Weapons drill raises Korea tension
North Korea has conducted live-fire artillery drills near its disputed western sea boundary, South Korean officials said.
Both Koreas conduct such drills routinely, but they can be sensitive because North Korea does not acknowledge the UN-drawn sea boundary near South Korean islands and the North Korean mainland in the Yellow Sea.
Last month, South Korea fired artillery shells into the North's waters after North Korean shells from a live-fire drill landed south of the boundary. After South Korean drills in 2010, Pyongyang shelled a South Korean island, killing four people.
Today the North tested 50 rounds of artillery shells over 10 minutes, South Korean Defence Ministry spokesperson Kim Min-seok told reporters.
On the frontline Yeonpyeong Island, motel owner Kim Oh-mok said she went to a shelter with other residents after hearing a broadcast telling her to do so, but she did not hear the sound of artillery fire.
Ongjin county official Hwang Young-mi said island residents were later told they could return home.
Analysts have said Pyongyang's announcements about such drills are driven by frustration that the country has achieved little in a recent push to win outside aid.
The sea boundary was drawn without Pyongyang's consent at the close of the 1950-53 Korean War, which ended with a truce, not a peace treaty, leaving the peninsula still technically in a state of war. North Korea argues the line should run further south.

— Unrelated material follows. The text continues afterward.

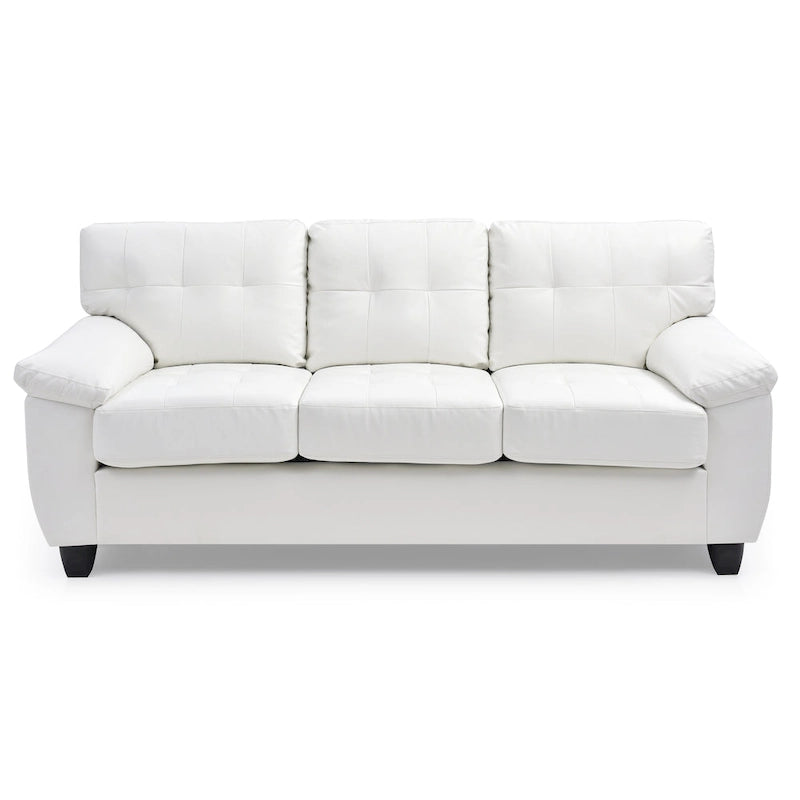 3-Seat Faux Leather Sofa with Pocket Coil Cushions, Tufted Back and Pillowtop Arms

A year after threatening each other with war, the Koreas had restored some trust and held reunions earlier this year of families divided by the war, but ties have since steadily soured. Pyongyang this week compared South Korean president Park Geun-hye to a "despicable prostitute".
North Korea test-fired two medium-range ballistic missiles in March and held a series of shorter-range rocket launches to protest against annual military drills by the US and South Korea. South Korean officials also think the North could be preparing for its fourth nuclear test.